A pesquisa combinou triagem computacional com experimentos de laboratório para avaliar o potencial do ácido madecássico.
Além da molécula original, a equipe criou três versões modificadas a partir de amostras extraídas de uma planta no Vietnã. Todas conseguiram bloquear o mesmo alvo bacteriano e interromper o crescimento microbiano. Em um dos casos, a variante foi capaz de matar a E. coli em concentrações mais altas.
O trabalho chama atenção em um momento em que a resistência antimicrobiana se consolida como um dos maiores desafios da saúde global.
Nesse contexto, identificar compostos promissores em fontes naturais é visto como um atalho relevante em uma área marcada por altos custos e desenvolvimento lento de novos antibióticos.
Potencial da pesquisa e como a substância afeta as bactérias
Além do potencial farmacêutico, o achado pode abrir novas perguntas para a indústria de beleza.
O ácido madecássico já é usado em produtos voltados a acalmar e reparar a pele, e os pesquisadores afirmam que os resultados também podem ajudar a entender melhor como a substância afeta as bactérias naturais presentes no microbioma cutâneo.

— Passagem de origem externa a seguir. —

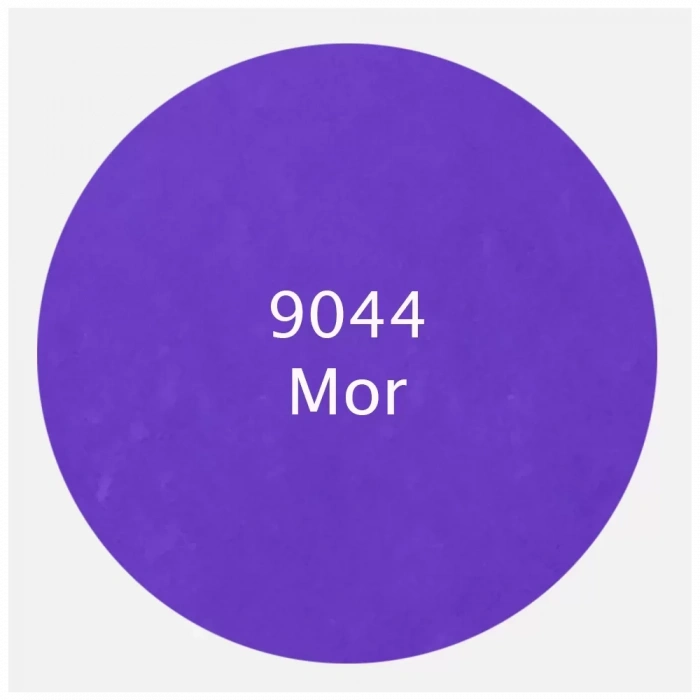PREMIUM AKRİLİK BOYA 9044 MOR 500ML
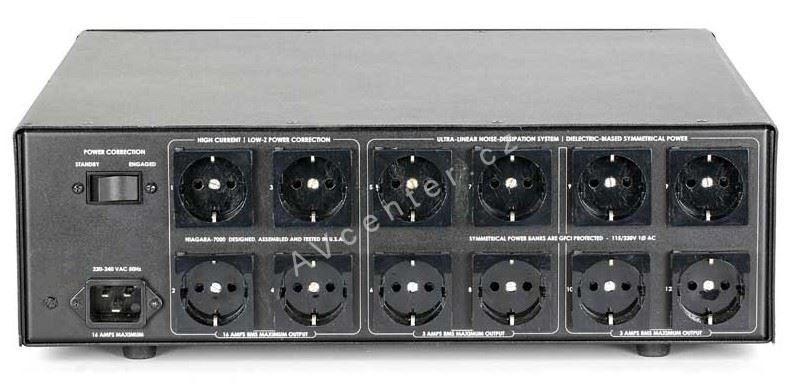 Audioquest Niagara 7000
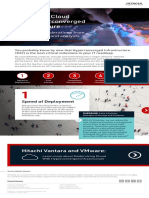 Modernize Cloud With Hyperconverged Infrastructure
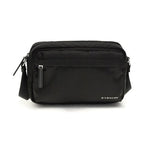 Givenchy Black Polyamide Shoulder Bag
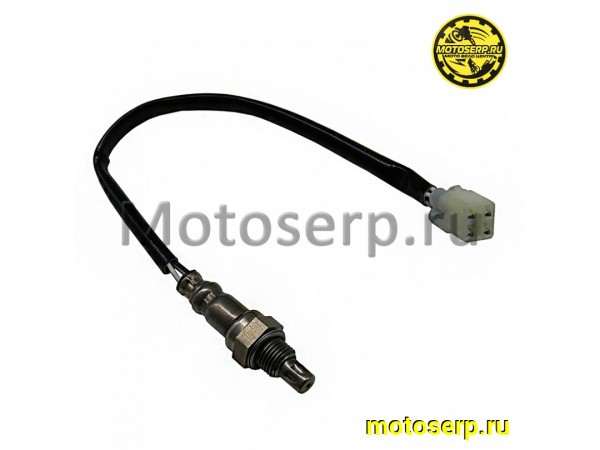 Купить  Датчик кислорода (ЛЯМБДА-ЗОНД) 177MM NC250 AVANTIS ENDURO 250/300 PRO ROJO (шт) (AVANTIS 14416 купить с доставкой по Москве и России, цена, технические характеристики, комплектация фото  - motoserp.ru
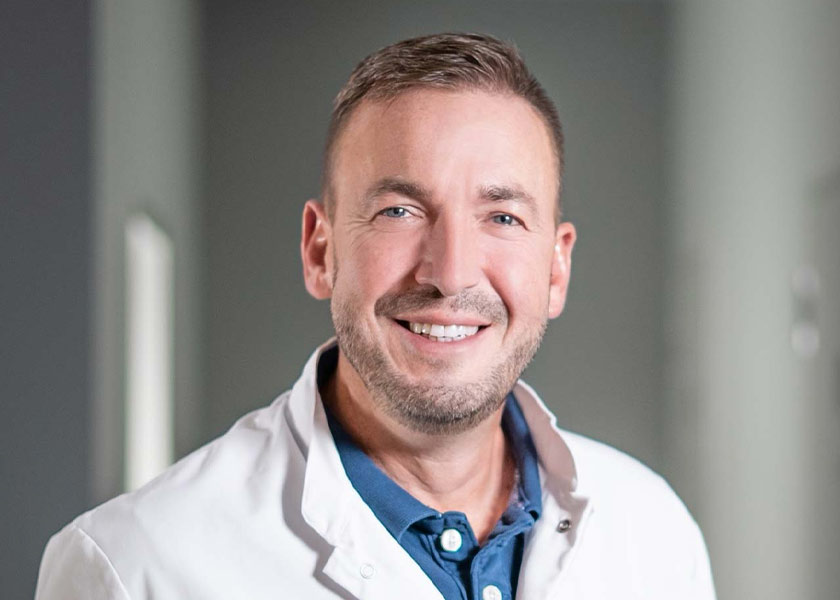 Dr. med. Andreas Horn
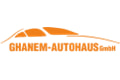 Ghanem Autohaus GmbH logo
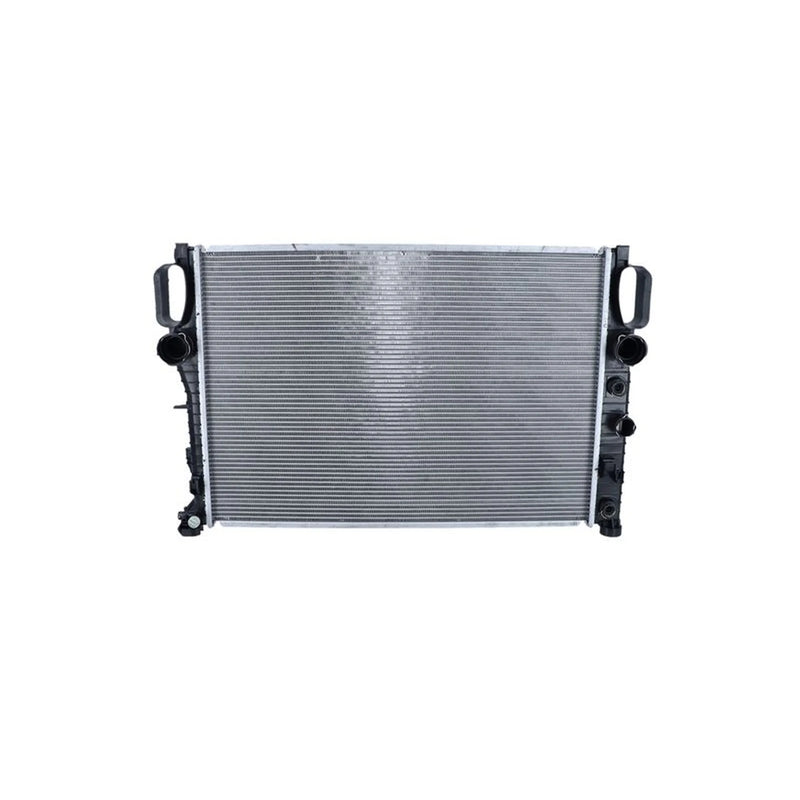 NRF Engine Radiator 56076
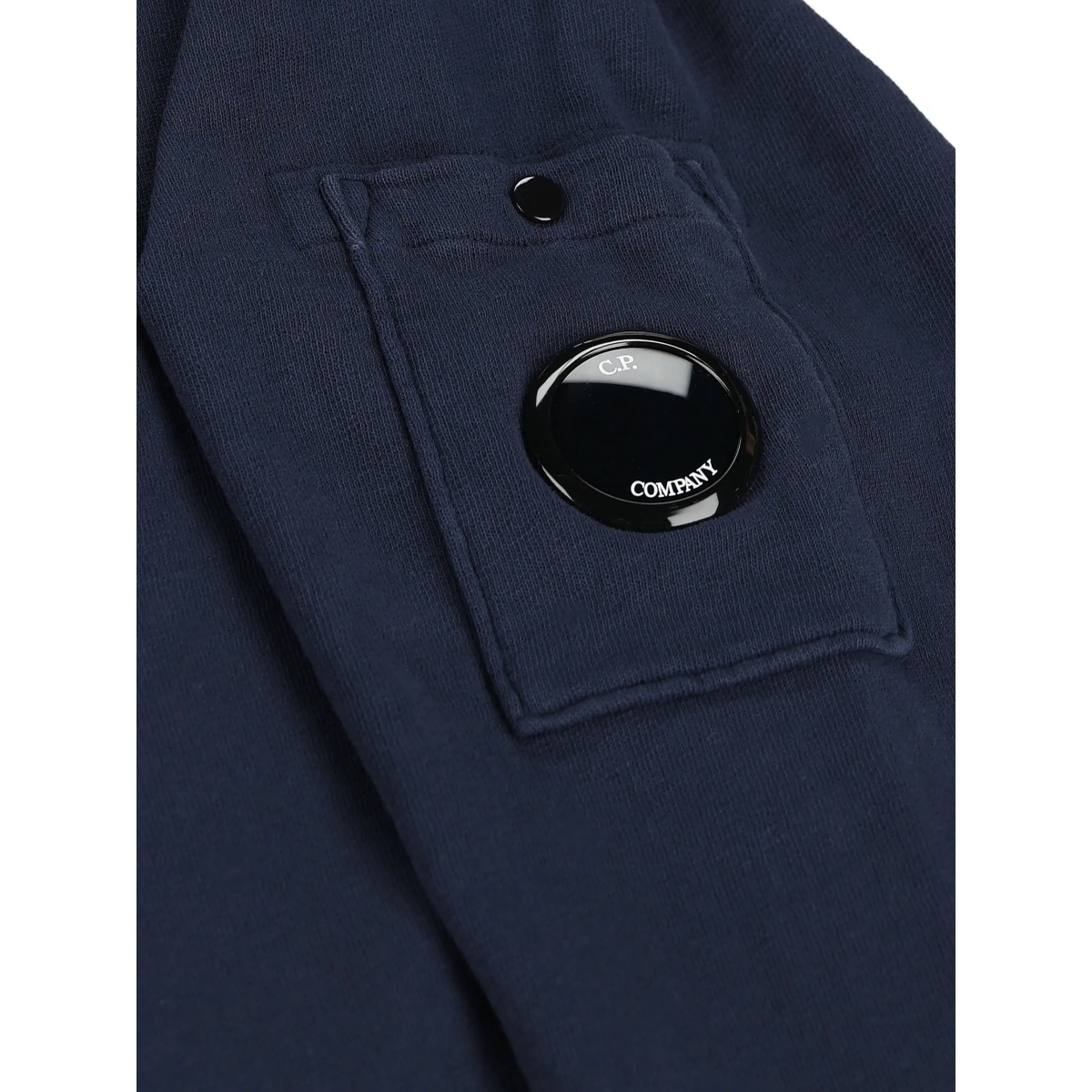 round-neck sweatshirt - Img 4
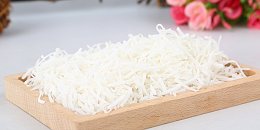 2021年加纳椰丝出口额2198万美元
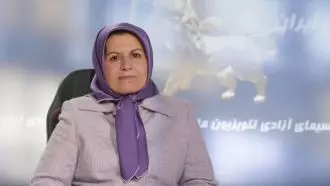 سهیلا صادق - مسئول کمیسیون آموزش و پرورش شورای ملی مقاومت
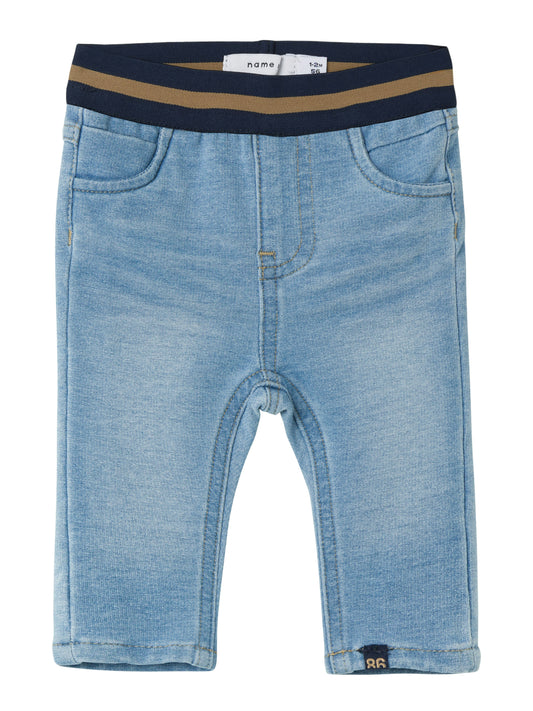 Name it - Slim Jeans Silas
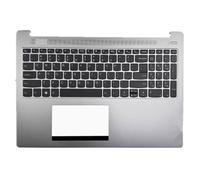 Custodia superiore del computer portatile generico Palmrest Cover C Shell & Keyboard for Lenovo IdeaPad Slim 5 16ABR8 AHP9 IAH8 IMH9 IRL8 US English Layout Small Enter Key Layout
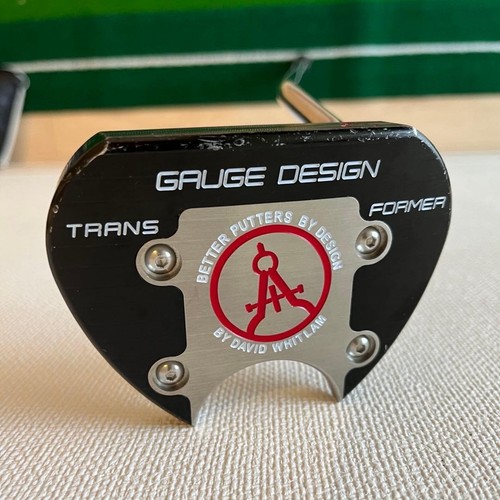 Jauge design trans ancien - jauge,
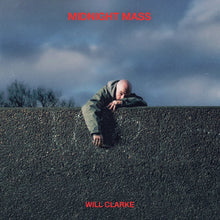 Clarke, Will – Midnight Mass | 8719262036994 | extra productbeeld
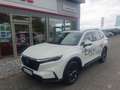 Honda CR-V Hybrid e:HEV 2.0 i-MMD AWD Advance Blanc - thumbnail 1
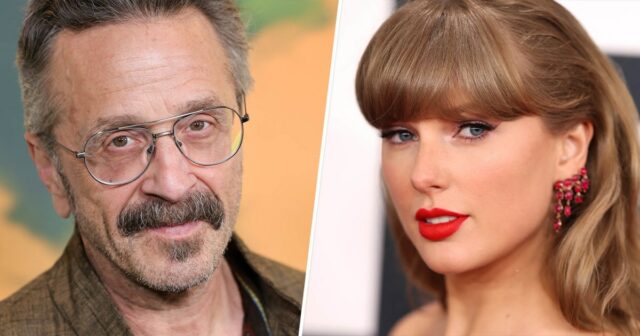 Marc Maron revela quanto custa usar 1 minuto de uma música de Taylor Swift em Nuevo Special


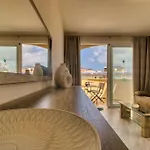 Duplex Paradise Parque Tropical 1 Cristianos *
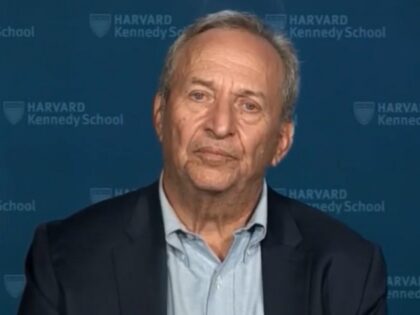 inflation Larry Summers on gas on 10/6/2022 "Situation Room"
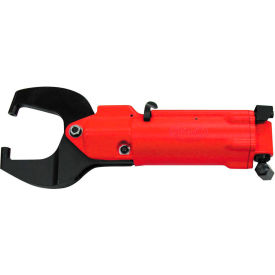 12" Compression Riveter, 1/4" Air Inlet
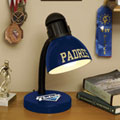 San Diego Padres MLB Desk Lamp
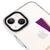 iPhone 15 IM0001 Telefon Kılıfı - Artycase - Beyaz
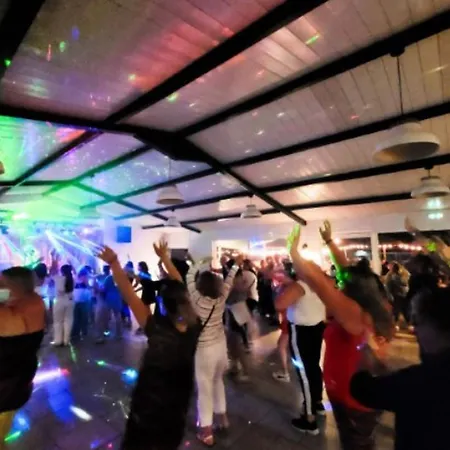 Premium Avec Terrasse - 3 - Api-1-52-907 营地 圣伊莱尔·德列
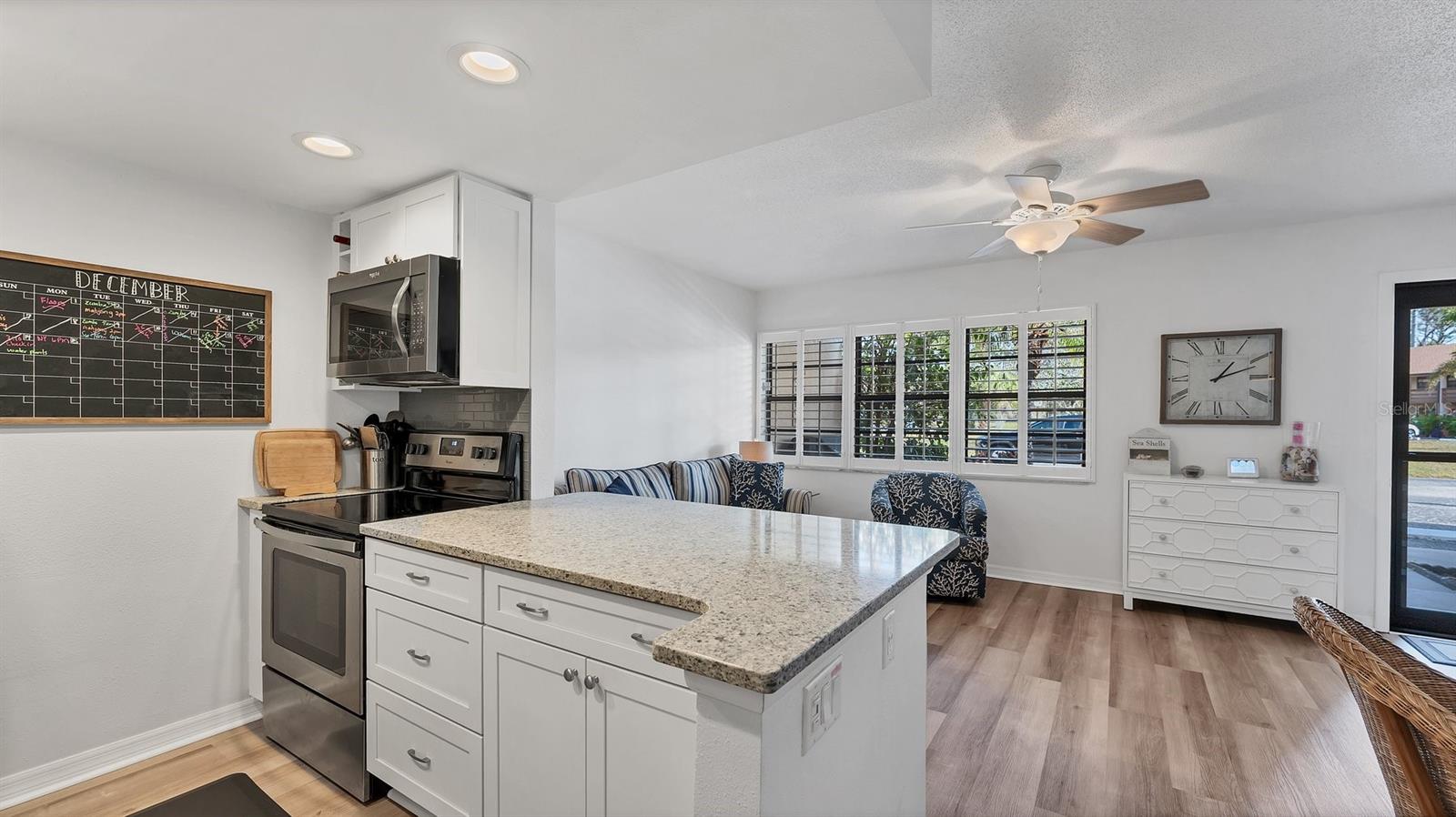 QUAILS RUN I - Residential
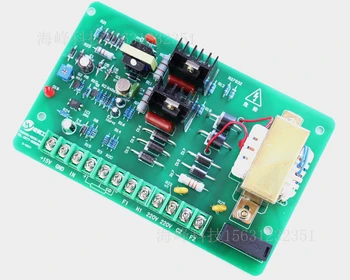 SCG-200/400 speed regulating board, 400 watts speed regulator bag making machine DC speed regulating board
SCG-200/400 speed regulating board, 400 watts speed regulator bag making machine DC speed regulating board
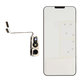 Přední Kamera pro iPhone 16 Pro | 661-42727 | Genuine Apple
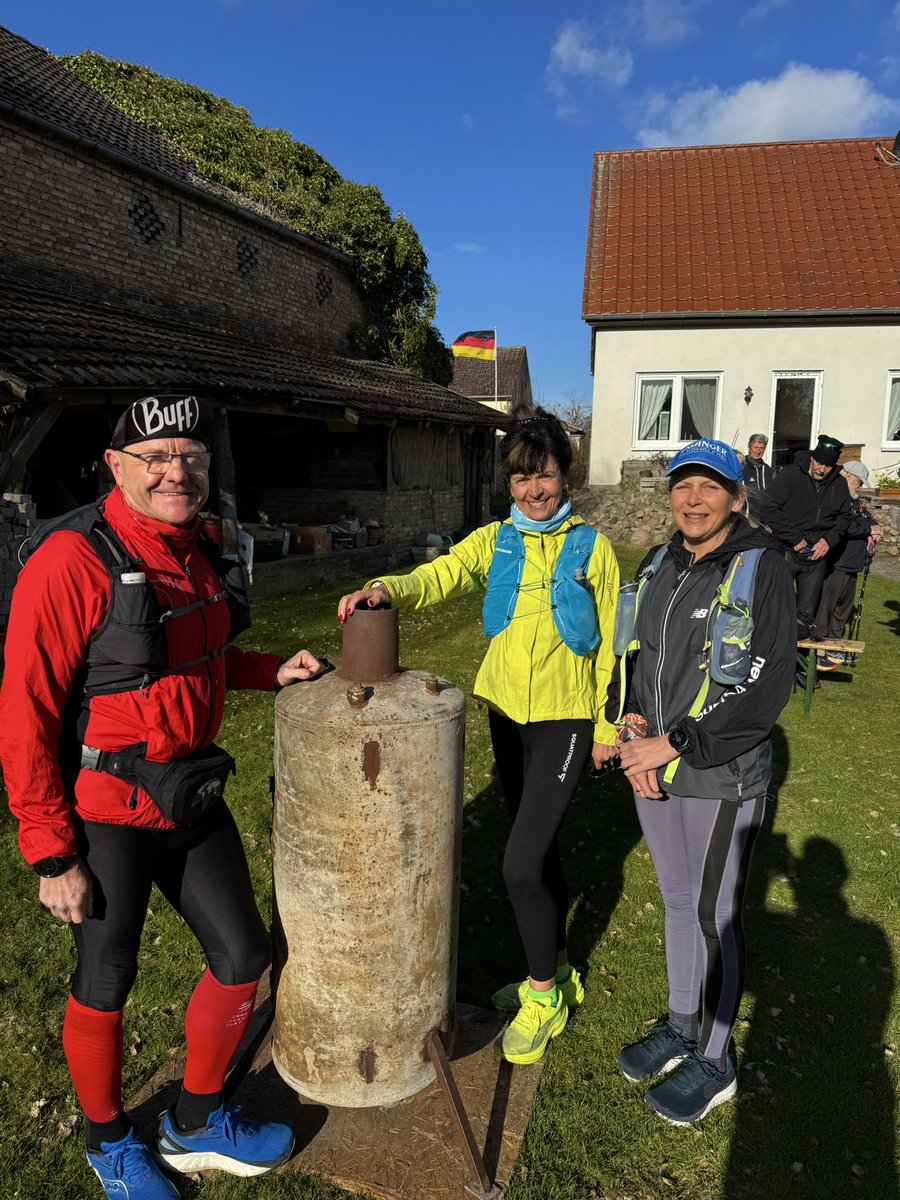 Silke_Laufen und Meer🇺🇸🏃🏽‍♀️🇬🇷📷🌊 🇮🇱 tweet media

Por enquanto, a descoberta ainda está em estágio inicial e não significa que o ingrediente vá se transformar rapidamente em medicamento.
Mas o estudo reforça uma tendência que interessa tanto à ciência quanto ao mercado: moléculas conhecidas de setores como cosméticos e bem-estar podem revelar aplicações de maior valor agregado em áreas críticas, como a de novos antibióticos.